Required work:
Whenever a line below includes the string "Mountain", show it.

☆ ☆ ☆ ☆ ☆ ☆ ☆

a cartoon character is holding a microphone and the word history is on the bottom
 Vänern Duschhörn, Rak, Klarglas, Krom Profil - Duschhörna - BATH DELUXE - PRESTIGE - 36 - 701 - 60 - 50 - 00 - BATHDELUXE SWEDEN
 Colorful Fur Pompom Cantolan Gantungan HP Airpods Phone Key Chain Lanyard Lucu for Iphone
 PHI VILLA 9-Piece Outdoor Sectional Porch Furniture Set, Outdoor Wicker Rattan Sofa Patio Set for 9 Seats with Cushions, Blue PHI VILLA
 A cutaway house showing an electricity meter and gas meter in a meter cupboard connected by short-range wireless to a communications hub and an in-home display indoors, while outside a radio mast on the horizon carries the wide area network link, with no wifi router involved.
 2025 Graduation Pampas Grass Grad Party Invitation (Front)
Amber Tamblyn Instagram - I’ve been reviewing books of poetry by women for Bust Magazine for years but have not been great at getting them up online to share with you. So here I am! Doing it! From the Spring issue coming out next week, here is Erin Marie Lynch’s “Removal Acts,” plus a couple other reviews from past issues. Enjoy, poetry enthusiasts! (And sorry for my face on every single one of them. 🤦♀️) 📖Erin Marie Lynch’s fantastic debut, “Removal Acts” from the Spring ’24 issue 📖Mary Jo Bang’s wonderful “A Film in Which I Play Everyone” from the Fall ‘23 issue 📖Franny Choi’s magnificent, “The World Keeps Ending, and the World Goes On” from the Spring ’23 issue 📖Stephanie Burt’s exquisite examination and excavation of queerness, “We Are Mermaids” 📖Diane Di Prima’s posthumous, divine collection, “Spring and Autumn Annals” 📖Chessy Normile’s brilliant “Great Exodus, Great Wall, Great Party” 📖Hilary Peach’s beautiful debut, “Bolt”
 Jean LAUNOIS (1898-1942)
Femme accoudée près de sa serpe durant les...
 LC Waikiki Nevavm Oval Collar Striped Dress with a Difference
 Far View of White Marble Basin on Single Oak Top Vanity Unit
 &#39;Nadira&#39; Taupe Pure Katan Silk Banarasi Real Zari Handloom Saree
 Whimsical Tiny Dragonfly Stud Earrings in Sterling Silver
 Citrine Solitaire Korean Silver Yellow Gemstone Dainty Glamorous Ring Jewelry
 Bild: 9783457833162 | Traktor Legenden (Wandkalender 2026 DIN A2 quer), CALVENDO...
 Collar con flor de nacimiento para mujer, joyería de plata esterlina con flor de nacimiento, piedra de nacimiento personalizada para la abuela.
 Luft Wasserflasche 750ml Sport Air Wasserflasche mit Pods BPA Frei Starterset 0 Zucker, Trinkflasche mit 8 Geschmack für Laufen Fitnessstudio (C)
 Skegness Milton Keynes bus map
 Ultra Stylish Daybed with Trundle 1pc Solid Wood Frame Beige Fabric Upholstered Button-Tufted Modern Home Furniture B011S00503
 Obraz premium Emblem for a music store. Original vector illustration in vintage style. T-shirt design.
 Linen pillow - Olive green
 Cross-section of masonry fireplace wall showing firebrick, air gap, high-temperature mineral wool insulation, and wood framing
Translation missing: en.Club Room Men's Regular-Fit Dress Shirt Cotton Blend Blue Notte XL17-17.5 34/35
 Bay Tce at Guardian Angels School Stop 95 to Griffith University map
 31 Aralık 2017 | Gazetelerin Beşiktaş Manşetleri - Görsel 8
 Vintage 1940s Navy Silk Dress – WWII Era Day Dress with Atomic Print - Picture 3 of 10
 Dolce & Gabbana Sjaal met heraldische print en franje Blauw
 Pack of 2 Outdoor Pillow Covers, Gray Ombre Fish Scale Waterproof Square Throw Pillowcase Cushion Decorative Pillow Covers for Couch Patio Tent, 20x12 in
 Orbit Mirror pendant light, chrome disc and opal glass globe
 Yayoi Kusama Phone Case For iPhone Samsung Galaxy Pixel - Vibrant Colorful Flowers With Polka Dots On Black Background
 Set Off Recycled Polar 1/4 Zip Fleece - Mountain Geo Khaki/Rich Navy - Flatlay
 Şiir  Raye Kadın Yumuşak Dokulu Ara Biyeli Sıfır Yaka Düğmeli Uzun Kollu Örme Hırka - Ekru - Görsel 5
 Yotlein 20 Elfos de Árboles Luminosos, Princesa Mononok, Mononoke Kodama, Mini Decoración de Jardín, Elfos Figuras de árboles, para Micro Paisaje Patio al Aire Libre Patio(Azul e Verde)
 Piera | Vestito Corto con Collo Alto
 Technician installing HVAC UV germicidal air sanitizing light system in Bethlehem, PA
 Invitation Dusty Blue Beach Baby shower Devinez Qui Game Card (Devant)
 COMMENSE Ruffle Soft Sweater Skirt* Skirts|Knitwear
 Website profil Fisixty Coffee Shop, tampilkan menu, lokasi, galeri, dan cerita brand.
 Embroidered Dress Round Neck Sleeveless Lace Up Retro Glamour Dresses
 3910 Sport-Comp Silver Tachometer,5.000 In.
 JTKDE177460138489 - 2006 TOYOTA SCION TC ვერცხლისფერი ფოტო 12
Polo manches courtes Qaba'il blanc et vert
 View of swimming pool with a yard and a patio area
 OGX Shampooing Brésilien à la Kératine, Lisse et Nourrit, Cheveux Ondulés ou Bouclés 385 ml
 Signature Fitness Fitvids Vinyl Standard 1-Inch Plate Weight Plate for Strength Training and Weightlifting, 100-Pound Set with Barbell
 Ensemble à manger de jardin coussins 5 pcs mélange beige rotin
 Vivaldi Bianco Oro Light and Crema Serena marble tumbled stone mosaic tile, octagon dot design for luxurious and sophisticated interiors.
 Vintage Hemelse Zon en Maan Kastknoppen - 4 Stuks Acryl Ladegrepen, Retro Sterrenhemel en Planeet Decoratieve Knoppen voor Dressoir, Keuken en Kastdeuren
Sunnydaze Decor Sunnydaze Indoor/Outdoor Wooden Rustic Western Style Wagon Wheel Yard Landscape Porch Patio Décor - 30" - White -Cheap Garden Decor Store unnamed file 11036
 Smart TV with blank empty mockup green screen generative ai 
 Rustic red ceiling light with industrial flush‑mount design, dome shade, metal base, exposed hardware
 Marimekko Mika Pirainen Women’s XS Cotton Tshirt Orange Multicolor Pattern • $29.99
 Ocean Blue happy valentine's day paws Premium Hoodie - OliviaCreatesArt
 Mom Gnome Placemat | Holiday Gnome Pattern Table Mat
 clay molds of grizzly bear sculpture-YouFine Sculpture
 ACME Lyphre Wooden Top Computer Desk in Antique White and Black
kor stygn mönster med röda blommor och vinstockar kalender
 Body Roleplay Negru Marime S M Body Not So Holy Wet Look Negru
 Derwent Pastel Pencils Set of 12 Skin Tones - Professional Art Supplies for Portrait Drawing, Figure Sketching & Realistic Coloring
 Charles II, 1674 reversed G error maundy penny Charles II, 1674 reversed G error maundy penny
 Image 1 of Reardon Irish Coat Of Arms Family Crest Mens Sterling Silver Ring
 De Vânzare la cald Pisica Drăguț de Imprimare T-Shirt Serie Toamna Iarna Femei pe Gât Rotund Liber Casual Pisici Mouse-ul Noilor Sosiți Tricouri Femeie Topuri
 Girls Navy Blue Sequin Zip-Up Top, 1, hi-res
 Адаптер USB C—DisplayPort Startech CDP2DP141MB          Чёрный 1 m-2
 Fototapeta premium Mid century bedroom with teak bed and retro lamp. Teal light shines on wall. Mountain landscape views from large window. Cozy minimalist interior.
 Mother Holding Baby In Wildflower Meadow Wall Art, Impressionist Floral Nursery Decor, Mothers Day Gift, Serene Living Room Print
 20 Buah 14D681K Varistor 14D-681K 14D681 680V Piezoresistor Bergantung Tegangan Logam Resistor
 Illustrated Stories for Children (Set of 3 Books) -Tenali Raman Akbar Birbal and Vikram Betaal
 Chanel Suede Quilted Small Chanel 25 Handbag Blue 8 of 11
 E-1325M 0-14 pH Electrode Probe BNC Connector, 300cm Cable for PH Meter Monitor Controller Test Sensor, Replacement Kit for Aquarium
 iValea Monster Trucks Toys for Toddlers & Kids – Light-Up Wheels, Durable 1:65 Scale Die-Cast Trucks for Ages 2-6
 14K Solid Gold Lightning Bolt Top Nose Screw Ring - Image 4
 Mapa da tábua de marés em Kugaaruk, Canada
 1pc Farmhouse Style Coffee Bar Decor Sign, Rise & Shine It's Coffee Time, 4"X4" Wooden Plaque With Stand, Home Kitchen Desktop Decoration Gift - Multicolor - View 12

☆ ☆ ☆ ☆ ☆ ☆ ☆

Result for this exercise:
 Set Off Recycled Polar 1/4 Zip Fleece - Mountain Geo Khaki/Rich Navy - Flatlay
 Fototapeta premium Mid century bedroom with teak bed and retro lamp. Teal light shines on wall. Mountain landscape views from large window. Cozy minimalist interior.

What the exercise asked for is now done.